From: Johannes Weiner <hannes@cmpxchg.org>
To: Michal Hocko <mhocko@suse.cz>
Cc: linux-mm@kvack.org, Oleg Nesterov <oleg@redhat.com>,
Tejun Heo <tj@kernel.org>,
Vladimir Davydov <vdavydov@parallels.com>,
KAMEZAWA Hiroyuki <kamezawa.hiroyu@jp.fujitsu.com>,
KOSAKI Motohiro <kosaki.motohiro@jp.fujitsu.com>,
Andrew Morton <akpm@linux-foundation.org>,
LKML <linux-kernel@vger.kernel.org>
Subject: Re: [RFC 3/3] memcg: get rid of mm_struct::owner
Date: Tue, 26 May 2015 10:10:11 -0400 [thread overview]
Message-ID: <20150526141011.GA11065@cmpxchg.org> (raw)
In-Reply-To: <1432641006-8025-4-git-send-email-mhocko@suse.cz>
On Tue, May 26, 2015 at 01:50:06PM +0200, Michal Hocko wrote:
> Please note that this patch introduces a USER VISIBLE CHANGE OF BEHAVIOR.

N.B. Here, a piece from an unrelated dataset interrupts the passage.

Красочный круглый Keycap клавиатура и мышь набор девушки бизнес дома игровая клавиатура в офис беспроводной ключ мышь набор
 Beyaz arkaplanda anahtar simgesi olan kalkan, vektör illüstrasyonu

> Without mm->owner _all_ tasks associated with the mm_struct would
> initiate memcg migration while previously only owner of the mm_struct
> could do that. The original behavior was awkward though because the user
> task didn't have any means to find out the current owner (esp. after
> mm_update_next_owner) so the migration behavior was not well defined
> in general.
> New cgroup API (unified hierarchy) will discontinue tasks file which
> means that migrating threads will no longer be possible. In such a case
> having CLONE_VM without CLONE_THREAD could emulate the thread behavior
> but this patch prevents from isolating memcg controllers from others.
> Nevertheless I am not convinced such a use case would really deserve
> complications on the memcg code side.
I think such a change is okay. The memcg semantics of moving threads
with the same mm into separate groups have always been arbitrary. No
reasonable behavior can be expected of this, so what sane real life
usecase would rely on it?
> @@ -104,7 +105,12 @@ static inline bool mm_match_cgroup(struct mm_struct *mm,
> bool match = false;
>
> rcu_read_lock();
> - task_memcg = mem_cgroup_from_task(rcu_dereference(mm->owner));
> + /*
> + * rcu_dereference would be better but mem_cgroup is not a complete
> + * type here
> + */
> + task_memcg = READ_ONCE(mm->memcg);
> + smp_read_barrier_depends();
> if (task_memcg)
> match = mem_cgroup_is_descendant(task_memcg, memcg);
> rcu_read_unlock();
This function has only one user in rmap. If you inline it there, you
can use rcu_dereference() and get rid of the specialness & comment.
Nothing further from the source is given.